Samarinda, intuisi.co-Sekion, satu dari lima penutur bahasa Suku Balik di Kecamatan Sepaku, Kabupaten Penajam Paser Utara, yang masih fasih bertutur hingga kini. Dia merupakan saksi hidup atas perjuangan bahasa dan budaya komunitasnya.
Baginya, bahasa bukan sekadar alat komunikasi, melainkan jejak identitas dan warisan leluhur yang mengakar. Menjadi bagian tak terpisahkan dari identitas serta menjadi sarana menjaga koneksi spiritual dengan alam yang memberi kehidupan tenis tersebut.
Ia ingat betul ketika masih kecil, sekitar enam dekade lalu, seluruh warga Suku Balik masih karib menggunakan bahasa etnis leluhurnya untuk berkomunikasi sehari-hari. Termasuk menyampaikan niat untuk mencari makanan di hutan ke leluhur hingga ritual adat.
“Tradisi pakai bahasa balik untuk izin ke leluhur sebelum cari makan di hutan. Ini masih saya terapkan dan itu saya anjurkan ke anak cucu saya,” kata Sekion ketika ditemui di kediamannya di RT 03 Kelurahan Sepaku pada akhir Februari lalu.
Sayang, tatkala tahun bersalin warsa, bahasa yang sehari-hari digunakan dulu perlahan memudar. Generasi kini, sudah mulai kaku berkomunikasi menggunakan bahasa Suku Balik. Sedangkan angkatan tua Suku Balik, seperti Sekion semakin berumur.
“Selain saya masih ada kakak saya dan adik saya yang lancar (bahasa Balik). Tapi Kalau yang seusia saya yang bisa pakai bahasa balik (ada juga), tapi kemungkinan sudah banyak meninggal,” ucapnya.
Meski bahasa Suku Balik perlahan mulai ditinggalkan, pria kelahiran 1957 ini tak hilang akal. Dia ingin warisan budayanya itu tetap terjaga. Ia kemudian mencoba menurunkan bahasa nenek moyangnya tersebut ke anak serta cucunya.
Di rumah, seluruh anggota keluarga harus menggunakan bahasa Suku Balik. Dengan begitu anak dan cucunya bisa mengenal bahasa ini sejak usia dini. Sehingga, penerusnya tidak lupa identitas diri yang selama ini ia pegang teguh.

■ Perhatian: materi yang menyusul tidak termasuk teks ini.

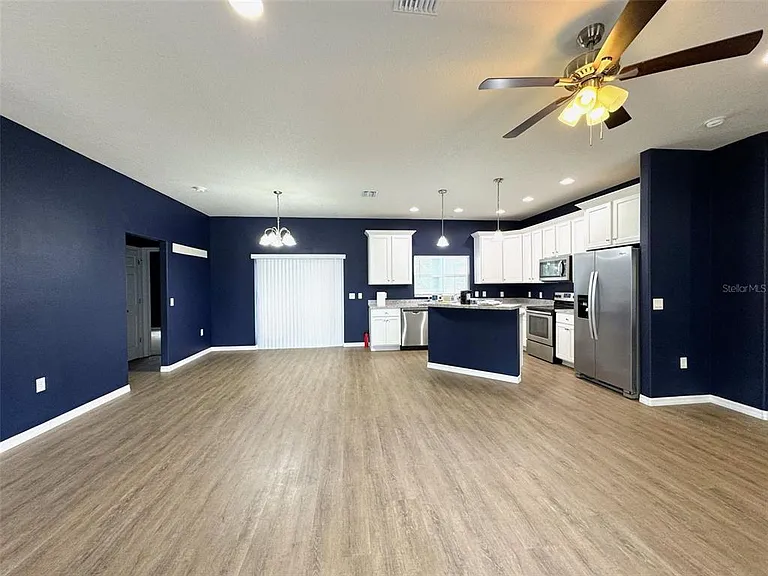 167 N Independence Hwy — Photo 4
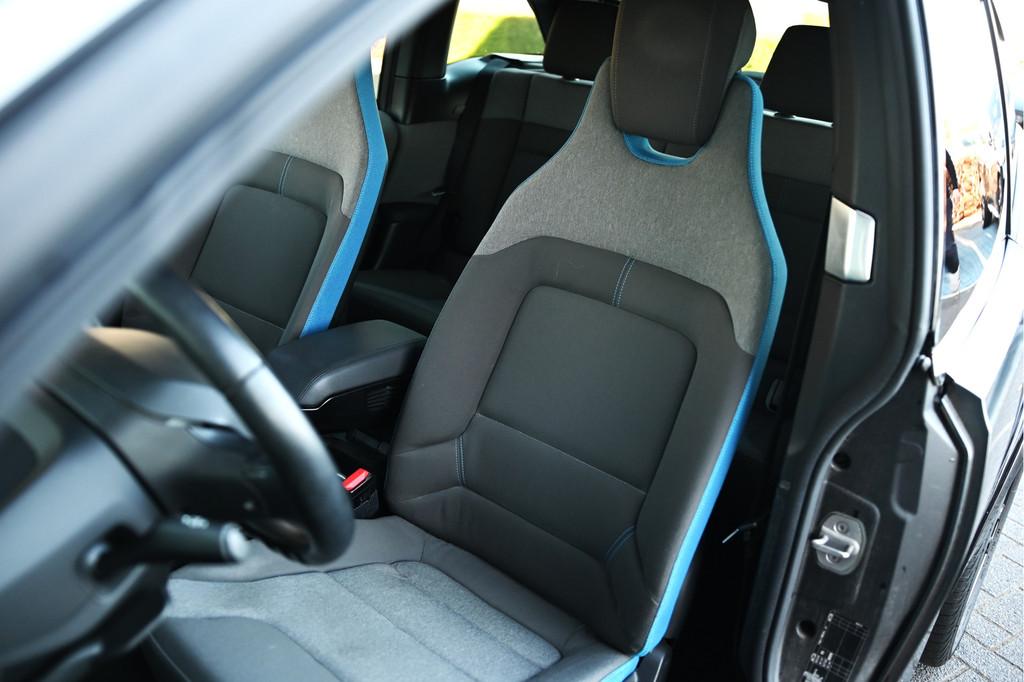 BMW i3 Business / Sportpakket / Achteruitrijcamera / Cruise, Auto's, BMW, Gebruikt, Met garantie (alle), 43 €/maand, 170 pk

“Kalau di dalam rumah ya memang sehari-hari pakai bahasa Balik. Ketemu keluarga ya bahasa Balik, jadi biar anak-cucu paham juga,” ucapnya.
Cara lain yang digunakan Sekion agar bahasa Suku Balik tetap terpelihara baik, ialah menikah dengan sesama suku. Pada 1984 silam, ia kemudian mempersunting perempuan dari Suku Balik. Pernikahan serumpun ini juga merupakan pesan mendiang ibunya semasa hidup.
Pernikahan dalam suku Balik ini dipandang penting oleh Sekion untuk menjaga kesinambungan budaya dan bahasa. Menurut dia, pernikahan sesuku menjadi langkah paling sederhana untuk merawat bahasa dan budaya leluhurnya. Lantaran hal tersebut paling mendasar.
“Istri ini dipilihkan ibu saya, diminta dari suku sendiri. Sebab, takut hilang bahasa dan budaya Balik kalau (nikah) sama suku lain,” kata Sekion mengenang pesan mendiang ibunya.
Namun, langkah Sekion tak sesederhana pikirannya. Walau sudah mempersunting istri serumpun hingga menggunakan bahasa Balik saat di rumah, peninggalan budaya leluhurnya itu belum tersebar maksimal. Anak dan cucunya, kurang fasih menggunakan bahasa sukunya sendiri.
Lebih terbiasa menggunakan bahasa Indonesia, bahkan beberapa peranakan dan kerabatnya justru lebih fasih berbahasa suku lain, misalnya saja Suku Jawa, Bugis, Batak hingga Toraja.
“Mereka (peranakan Sekion) sebenarnya mengerti (bahasa Suku Balik), tapi kalau ngomong enggak lancar. ‘kan dulu di sekolah terbiasa pakai bahasa nasional (bahasa Indonesia),” keluh Sekion.
“Tapi, saya sudah pesan ke mereka harus belajar, kalau saya ini kan sudah tua, besok atau lusa saya meninggal siapa lagi yang ngasih tahu (bahasa balik),” sambungnya.